Should you invest a lump sum or drip your money in over time?

Investing in shares for the long term can be done two ways. You can invest one big lump, or regularly drip a series of smaller amounts in – ‘pound cost averaging’. Tim Bennett explains the pros and cons of both.

Investing in shares for the long term can be done two ways. You can invest one big lump, or regularly drip a series of smaller amounts in pound cost averaging' (PCA). For example, let's take your annual individual savings account (Isa) allowance. Rather than invest your full £11,520 for this tax year (ending 5 April 2014) at once, you could drip an equal amount (£11,520/12, or £960) in every month starting in April 2013 instead.

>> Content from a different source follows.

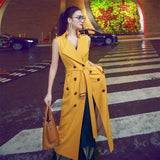 Aookdress summer celebrity style women's new fashion cardigan double breasted sleeveless over the knee vest long skirt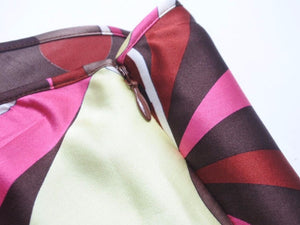 EMILIO PUCCI エモリオ プッチ ロングスカート シルク 56RW50 総柄 レッド サイズ42 美品 32768 正規品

So which way is best? Sir John Templeton, whose Templeton Growth Fund grew at a staggering 16% a year between 1954 and 1992, used to argue that "the best time to invest is when you have the money". But as fund manager Mark Mobius notes on Businessinsider.com, investors who have neither the skills nor confidence to time the market (buying low and selling high), PCA is best. Why?

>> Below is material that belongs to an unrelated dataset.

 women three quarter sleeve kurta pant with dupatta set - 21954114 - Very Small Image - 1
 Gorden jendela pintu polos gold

First, you don't have to find a lump sum if you don't already have one, so it's kinder on your cash flow. Once a PCA direct debit is set up, you can forget about it and let it roll there's no risk you'll forget to invest. More importantly, says Mobius, it should work well in performance terms. That's because historically "bull markets have gone up more in percentage terms than bear markets have gone down, and bull markets have lasted longer". So while PCA will generally miss the highs and lows, it keeps you invested in stockmarkets that have generally seen more bull years than bear ones.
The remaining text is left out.